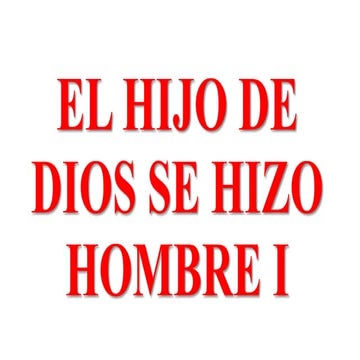 EL HIJO DE DIOS SE HIZO HOMBRE.pptx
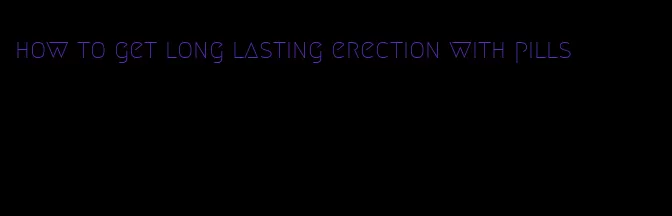 how to get long lasting erection with pills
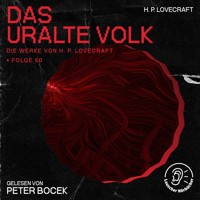 Das uralte Volk (Die Werke von H. P. Lovecraft, Folge 50) - H. P. Lovecraft - Hörbuch
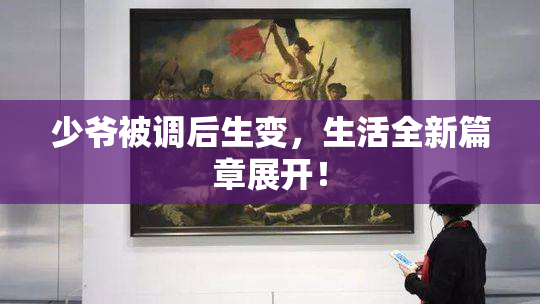 少爷被调后生变，生活全新篇章展开！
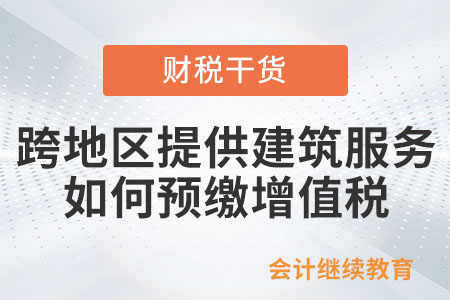 跨地區提供建筑服務如何預繳增值稅？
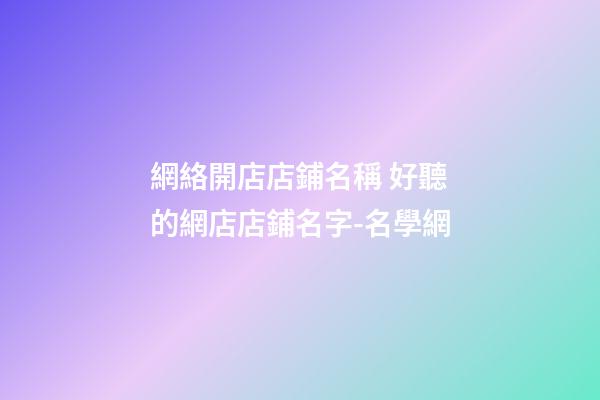 網絡開店店鋪名稱 好聽的網店店鋪名字-名學網-第1張-店鋪起名-玄機派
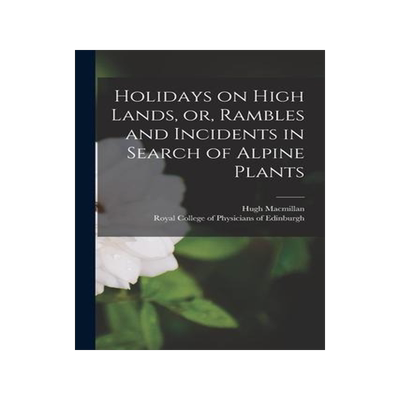 [预订]Holidays on High Lands, or, Rambles and Incidents in Search of Alpine Plants 9781015152809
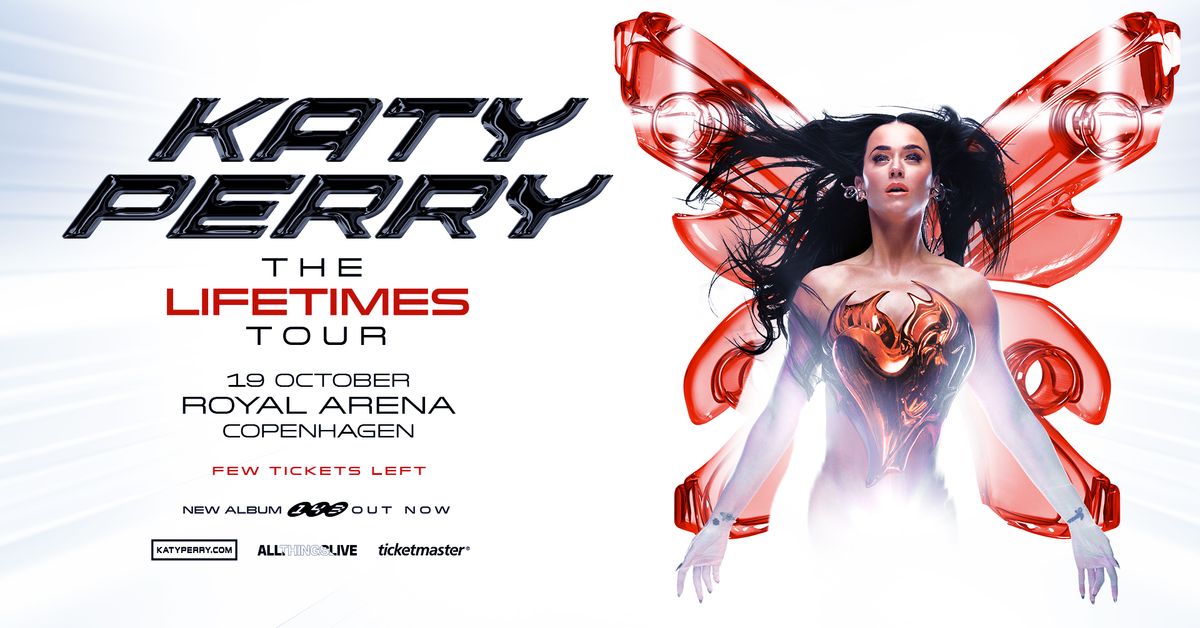 F\u00e5 Billetter!! Katy Perry - "The Lifetimes Tour" - Copenhagen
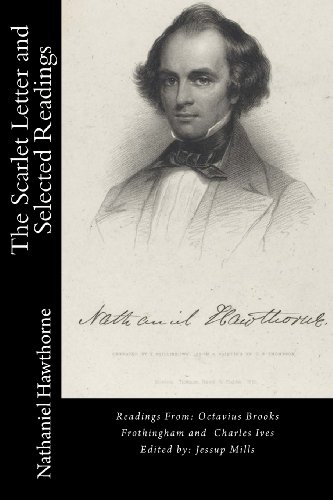 The Scarlet Letter and Selected Readings (9780615827247) by Octavius Brooks Frothingham Charles Ives Nathaniel Hawthorne; Octavius Brooks Frothingham; Charles Ives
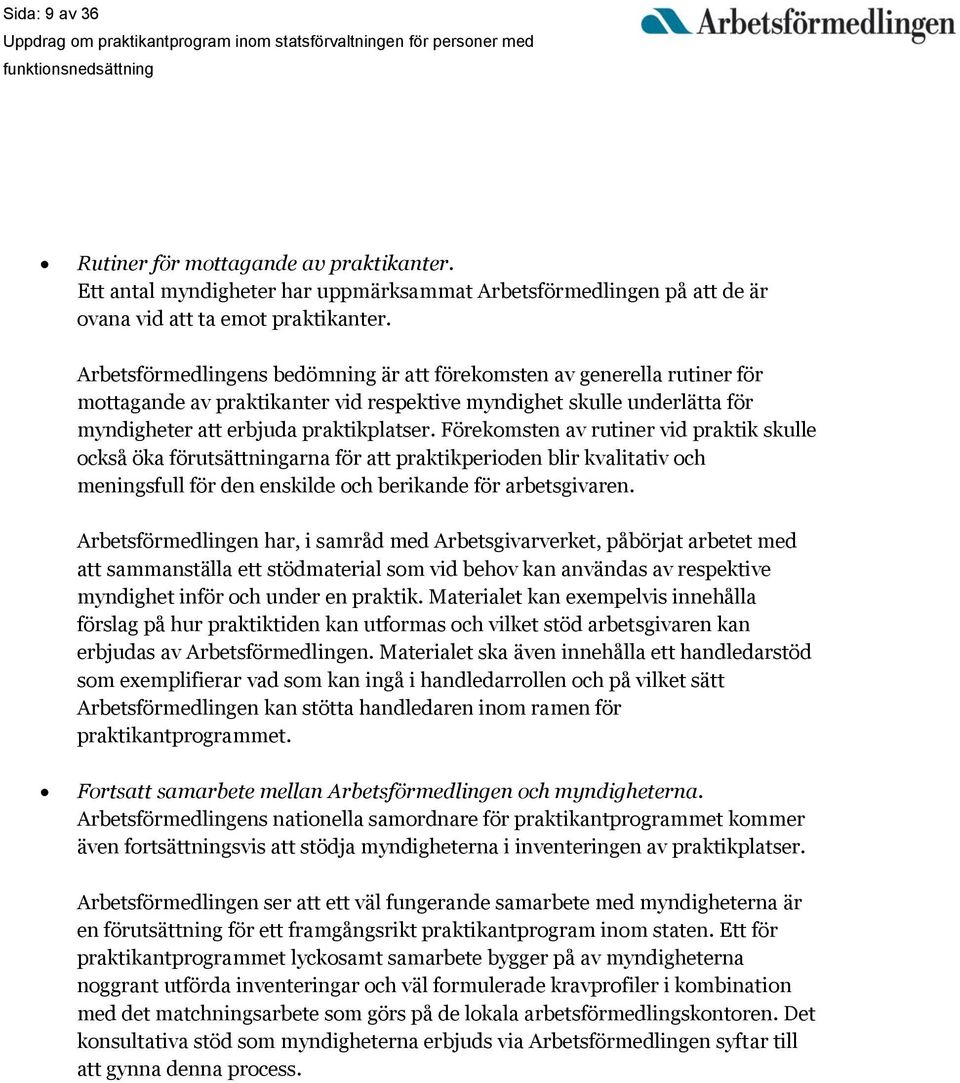 Förekomsten av rutiner vid praktik skulle också öka förutsättningarna för att praktikperioden blir kvalitativ och meningsfull för den enskilde och berikande för arbetsgivaren.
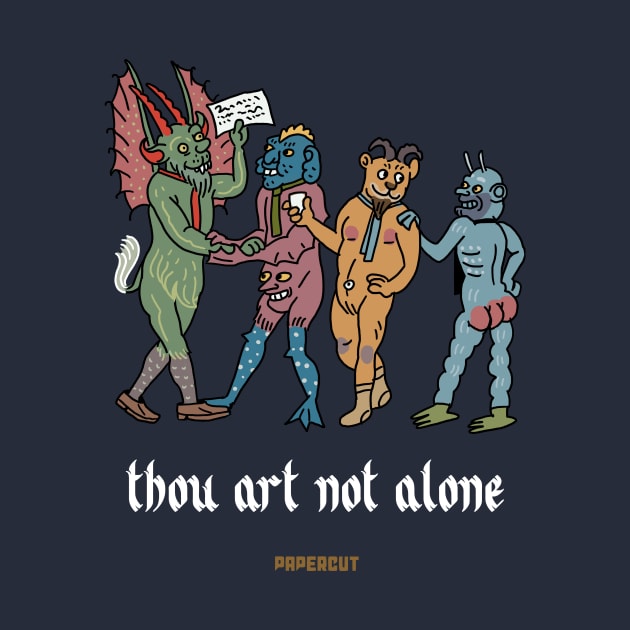 THOU ART NOT ALONE by EstudiosPapercut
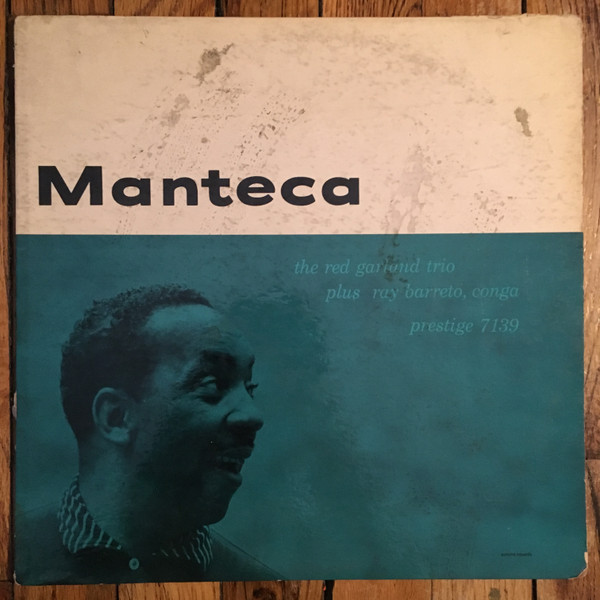 The Red Garland Trio – Manteca (1958, Vinyl) - Discogs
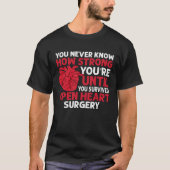 T-shirt Never Know Strong You re Until U Survived Open Hea (Devant)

Problem statement:
Give back all of the data exactly, but not the pictures.

Answer space:
 EL HIJO DE DIOS SE HIZO HOMBRE.pptx
 how to get long lasting erection with pills
 Das uralte Volk (Die Werke von H. P. Lovecraft, Folge 50) - H. P. Lovecraft - Hörbuch
 少爷被调后生变，生活全新篇章展开！
 跨地區提供建筑服務如何預繳增值稅？
 網絡開店店鋪名稱 好聽的網店店鋪名字-名學網-第1張-店鋪起名-玄機派
 [预订]Holidays on High Lands, or, Rambles and Incidents in Search of Alpine Plants 9781015152809
 F\u00e5 Billetter!! Katy Perry - "The Lifetimes Tour" - Copenhagen
 The Scarlet Letter and Selected Readings (9780615827247) by Octavius Brooks Frothingham Charles Ives Nathaniel Hawthorne; Octavius Brooks Frothingham; Charles Ives
 Förekomsten av rutiner vid praktik skulle också öka förutsättningarna för att praktikperioden blir kvalitativ och meningsfull för den enskilde och berikande för arbetsgivaren.
 THOU ART NOT ALONE by EstudiosPapercut
 The Red Garland Trio – Manteca (1958, Vinyl) - Discogs
 T-shirt Never Know Strong You re Until U Survived Open Hea (Devant)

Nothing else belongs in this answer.